Das Elbsandsteingebirge scheint hervorragend geeignet zu sein für diese Sportart. Unterhalb der hohen imposanten Felstürme sind im Wald oft viele kleinere Blöcke verstreut. Ideal zum Bouldern. Doch die strengen Sächsischen Kletterregeln verbieten das. Im Nationalpark Sächsische Schweiz sowie in Landschafts- und Naturschutzgebieten ist das Klettern nur an den von der Nationalparkverwaltung beziehungsweise den zuständigen Naturschutzbehörden bestätigten Kletterfelsen gestattet. Das sind in der Sächsischen Schweiz nur die im Kletterführer beschriebenen Gipfel. Dieser Status, der im Sächsischen Naturschutzgesetz verankert ist, erlaubt zwar einerseits das Klettern, schränkt es andererseits aber auch ein, besonders für die Boulder-Freunde.

Im Klettergebiet Bahratal, zwischen dem Kurort Berggießhübel und Langenhennersdorf gelegen, gibt es seit einigen Jahren bekletterte Blöcke. Bahratal ist das bekannteste Boulder-Gebiet Sachsens, international renommierte Klettergrößen statteten dem Blockgebiet schon einen Besuch ab. Mittlerweile existiert sogar ein Kletterführer über die Boulder-Möglichkeiten dort. Im Internet findet man Tipps, Videos und Beschreibungen. Bei Google bekommt man über 6 500 Treffer zur Eingabe: Bouldern Sächsische Schweiz.
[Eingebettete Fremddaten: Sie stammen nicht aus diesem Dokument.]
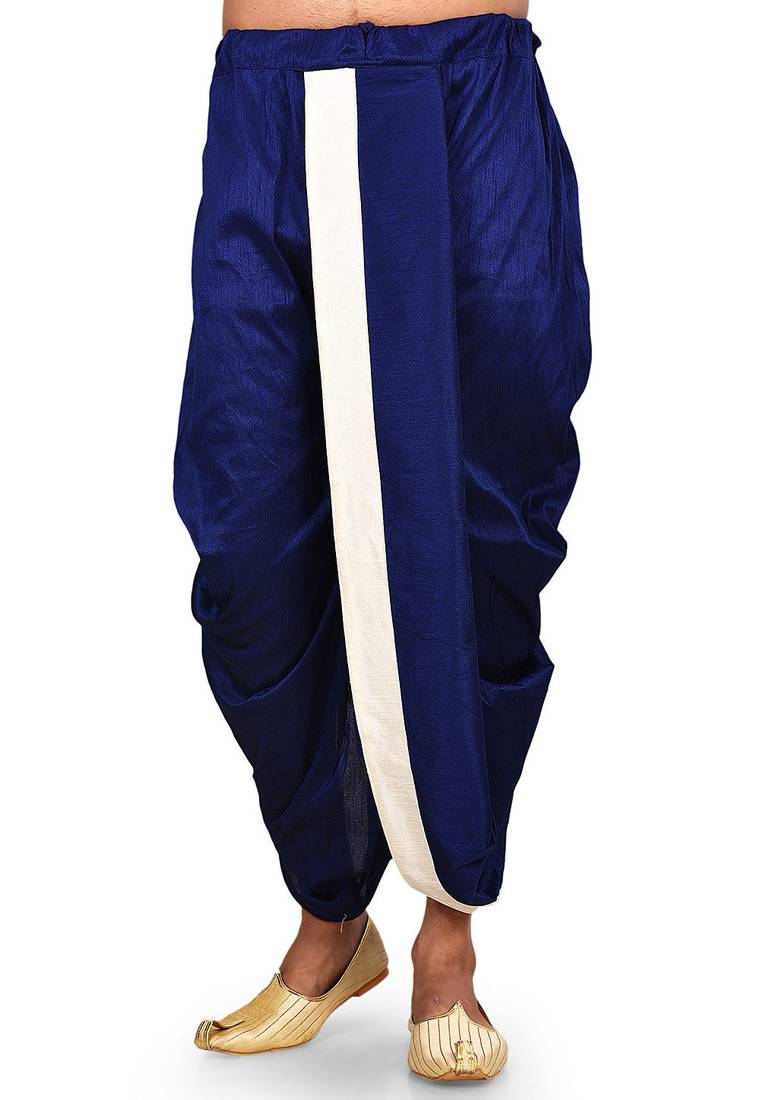 Blue dupion art silk readymade dhoti with patch work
Im Vorwort des Boulder-Führers zum Gebiet Bahratal heißt es zwar: „Wir hoffen, dass jeder Einzelne die Gaben der Natur in diesem kleinen Tal zu schätzen weiß und denken, dass der Boulder-Sport auch ohne mehrseitiges Verhaltens- und Regelwerk im Einklang mit der Natur sowie allen anderen sportlichen Aktivitäten existieren kann.“ Leider aber sieht die Realität dort anders aus. Die Felsen „zieren“ große weiße Flecke, als hätte eine Vogelkolonie dort ihren Kot hinterlassen.

Boulderer verwenden dieses weiße Pulver, bei den Kletterern auch als Chalk bekannt, das die Haftung der Hände am Fels erhöht. Dessen Gebrauch ist im Elbsandstein aber verboten. „Der natürliche Fels leidet, weil ein Fremdstoff aufgetragen wird“, heißt es von der Nationalparkverwaltung. Verstöße werden konsequent als Ordnungswidrigkeit geahndet. Erwischt wird aber kaum jemand. Weil regelwidrig, wird es meist im Verborgenen ausgeübt, auch wenn die Publikationen im Kletterführer und im Internet auf anderes schließen lassen.

Das Bouldern hat sich auch im Sächsischen Bergsteigerbund (SBB) stetig entwickelt. Konflikte mit dem Naturschutz sieht der Verein aber nicht. In den letzten zwei Jahren gab es an den SBB keine Meldung zu Mitgliedern, die illegal Magnesia eingesetzt hätten, teilt Pressesprecherin Constance Jacob mit. Der SBB sieht auch keine Tendenz, Magnesia im Elbsandstein zuzulassen.

Höhepunkte des Boulder-Cups am Wochenende sind die Finals am Sonnabend ab 17 Uhr. „Es sind viele Spitzensportler am Start“, sagt Gundula Strohbach, die selbst begeisterte Boulderin ist. Dabei sind unter anderem die deutschen Spitzenkletterer André Borovka und Luisa Neumärker oder auch Nelly Kudrova und Jan Jelika aus Tschechien.